BEGIN THE DATA
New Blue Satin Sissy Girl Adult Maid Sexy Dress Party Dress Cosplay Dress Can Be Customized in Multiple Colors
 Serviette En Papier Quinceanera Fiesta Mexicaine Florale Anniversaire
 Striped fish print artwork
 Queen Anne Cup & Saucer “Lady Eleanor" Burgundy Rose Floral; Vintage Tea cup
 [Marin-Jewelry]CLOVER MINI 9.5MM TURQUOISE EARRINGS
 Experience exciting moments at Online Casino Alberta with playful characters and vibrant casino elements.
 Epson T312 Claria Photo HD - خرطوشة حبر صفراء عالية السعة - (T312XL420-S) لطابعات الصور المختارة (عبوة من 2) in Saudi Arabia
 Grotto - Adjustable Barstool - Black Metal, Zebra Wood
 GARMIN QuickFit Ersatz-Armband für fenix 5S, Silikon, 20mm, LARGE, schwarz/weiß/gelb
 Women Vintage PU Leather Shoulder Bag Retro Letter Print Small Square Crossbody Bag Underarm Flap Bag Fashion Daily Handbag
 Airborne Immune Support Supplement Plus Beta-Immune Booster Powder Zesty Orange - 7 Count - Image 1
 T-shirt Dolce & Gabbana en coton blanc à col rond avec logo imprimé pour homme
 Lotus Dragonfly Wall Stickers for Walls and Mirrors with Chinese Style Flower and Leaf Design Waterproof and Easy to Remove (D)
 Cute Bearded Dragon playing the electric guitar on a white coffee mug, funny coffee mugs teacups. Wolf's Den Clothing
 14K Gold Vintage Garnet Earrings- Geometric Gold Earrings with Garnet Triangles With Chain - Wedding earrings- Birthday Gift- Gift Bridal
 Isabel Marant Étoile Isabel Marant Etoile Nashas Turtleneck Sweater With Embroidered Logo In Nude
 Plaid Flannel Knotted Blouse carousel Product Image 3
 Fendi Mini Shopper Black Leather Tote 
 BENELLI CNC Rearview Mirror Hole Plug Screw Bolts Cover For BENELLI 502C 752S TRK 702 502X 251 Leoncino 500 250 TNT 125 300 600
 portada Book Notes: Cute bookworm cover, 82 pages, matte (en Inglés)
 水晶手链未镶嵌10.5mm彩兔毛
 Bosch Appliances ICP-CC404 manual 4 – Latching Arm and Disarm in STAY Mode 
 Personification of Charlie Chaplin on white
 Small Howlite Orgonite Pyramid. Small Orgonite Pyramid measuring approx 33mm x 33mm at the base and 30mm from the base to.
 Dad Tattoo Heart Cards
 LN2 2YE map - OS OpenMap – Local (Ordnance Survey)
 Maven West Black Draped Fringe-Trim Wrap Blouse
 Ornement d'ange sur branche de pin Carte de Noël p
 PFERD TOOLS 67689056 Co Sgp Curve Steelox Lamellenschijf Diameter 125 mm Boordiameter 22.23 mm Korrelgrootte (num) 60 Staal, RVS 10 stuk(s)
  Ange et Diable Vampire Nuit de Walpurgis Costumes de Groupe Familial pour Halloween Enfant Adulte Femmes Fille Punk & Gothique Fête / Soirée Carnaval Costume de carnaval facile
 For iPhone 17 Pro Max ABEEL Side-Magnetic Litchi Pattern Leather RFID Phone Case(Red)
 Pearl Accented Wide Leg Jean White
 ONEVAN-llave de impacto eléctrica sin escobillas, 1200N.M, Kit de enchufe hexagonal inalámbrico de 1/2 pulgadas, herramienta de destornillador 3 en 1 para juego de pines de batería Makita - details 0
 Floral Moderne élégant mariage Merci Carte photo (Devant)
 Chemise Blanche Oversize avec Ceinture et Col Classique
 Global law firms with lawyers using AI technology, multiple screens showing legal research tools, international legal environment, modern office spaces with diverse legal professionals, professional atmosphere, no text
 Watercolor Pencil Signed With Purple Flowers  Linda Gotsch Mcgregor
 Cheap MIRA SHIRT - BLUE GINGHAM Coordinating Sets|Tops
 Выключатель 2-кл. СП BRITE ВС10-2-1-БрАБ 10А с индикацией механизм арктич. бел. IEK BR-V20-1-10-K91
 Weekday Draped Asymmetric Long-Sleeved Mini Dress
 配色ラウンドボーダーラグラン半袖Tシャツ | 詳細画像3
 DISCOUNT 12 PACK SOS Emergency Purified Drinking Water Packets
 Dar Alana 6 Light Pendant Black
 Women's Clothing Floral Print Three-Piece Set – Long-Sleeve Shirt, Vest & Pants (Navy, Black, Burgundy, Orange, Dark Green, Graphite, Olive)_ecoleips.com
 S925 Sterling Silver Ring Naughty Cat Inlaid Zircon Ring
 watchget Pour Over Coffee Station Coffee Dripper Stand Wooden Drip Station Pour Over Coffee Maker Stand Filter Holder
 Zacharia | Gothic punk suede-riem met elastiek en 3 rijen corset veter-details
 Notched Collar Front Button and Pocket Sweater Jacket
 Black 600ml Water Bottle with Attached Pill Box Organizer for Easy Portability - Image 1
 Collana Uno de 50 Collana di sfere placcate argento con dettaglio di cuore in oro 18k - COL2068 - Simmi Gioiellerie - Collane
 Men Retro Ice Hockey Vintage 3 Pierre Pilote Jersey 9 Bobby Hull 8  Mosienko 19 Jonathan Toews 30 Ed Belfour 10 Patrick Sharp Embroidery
END THE DATA
| THE TASK |
Output exactly the lines of the data that run from the one containing "Collana Uno de" to the very last line, and no others.

| SOLUTION TO THE EXERCISE |
 Collana Uno de 50 Collana di sfere placcate argento con dettaglio di cuore in oro 18k - COL2068 - Simmi Gioiellerie - Collane
 Men Retro Ice Hockey Vintage 3 Pierre Pilote Jersey 9 Bobby Hull 8  Mosienko 19 Jonathan Toews 30 Ed Belfour 10 Patrick Sharp Embroidery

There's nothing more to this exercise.